HIV is real, and I have heard many of my peers say in a very simplistic manner how they will take treatment and continue to live happily ever after.

The December 1 marked the commemoration of the 25th annual World Aids Day.

This day requires that all people from all walks of life, unite and support those who live with HIV/Aids, and also to unite and celebrate the victories in the fight against the scourge so far. It is an undisputable fact that this disease affects all of us.

According to the United Nations, more than 30 million people worldwide have died

from HIV and related illnesses, and about

50 million live with the disease.

I pose a challenge to all young people, that we make each minute a World Aids minute. In this way, we will be sure to note and exercise the necessary precaution to fight this scourge each and every day.

This is December, a month we have branded as for family, fun, drinking alcohol, and so on. Among the youth culture December is characterised by drinking, trips and other regrettable behaviour.
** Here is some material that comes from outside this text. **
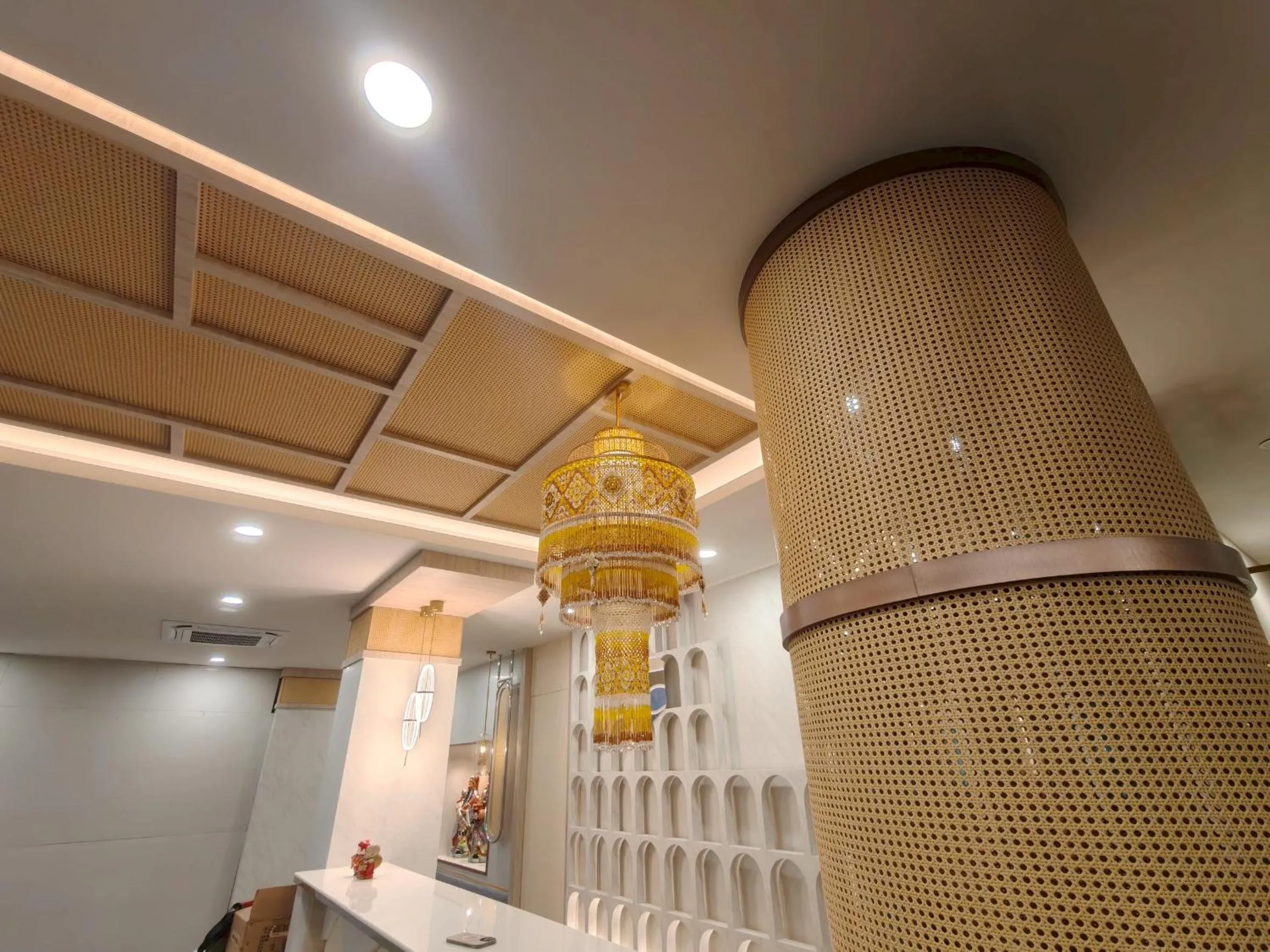 Hatyai Merridian Hotel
This does not suggest that HIV is only contracted only December, but this article aims to remind young people that December is only one of 12 months of the year and that whatever we do during this month, should not seek to undermine our year’s work.

HIV is real, and I have heard many of my peers say in a very simplistic manner how they will take treatment and continue to live happily ever after.

Much as we know that HIV can be treated and much as it is said that a positive attitude makes coping easy, how one gets to that positivity level where they finally accept, should not be ignored. HIV is a very sensitive matter and controversial as I may sound, I still maintain that if we desensitise the subject further than needs be, we run a risk of having people becoming negligent.

I will be happy to see every sexually active young person carrying a condom in their wallet. We need a generation of young people who will be condemning their peers for not having a condom.

A condom should be like a bag accessory, women should not feel embarrassed for carrying condoms. Just like we always carry lip gloss and sanitary towels in our handbags, we should also make condoms part of our bag accessories.

It is also critical that we start meditating on issues of morality and our sexual behaviour as young men and women. We need to refuse to be the generation that will be recorded as having had the most HIV infection rates, especially through sexual transmission.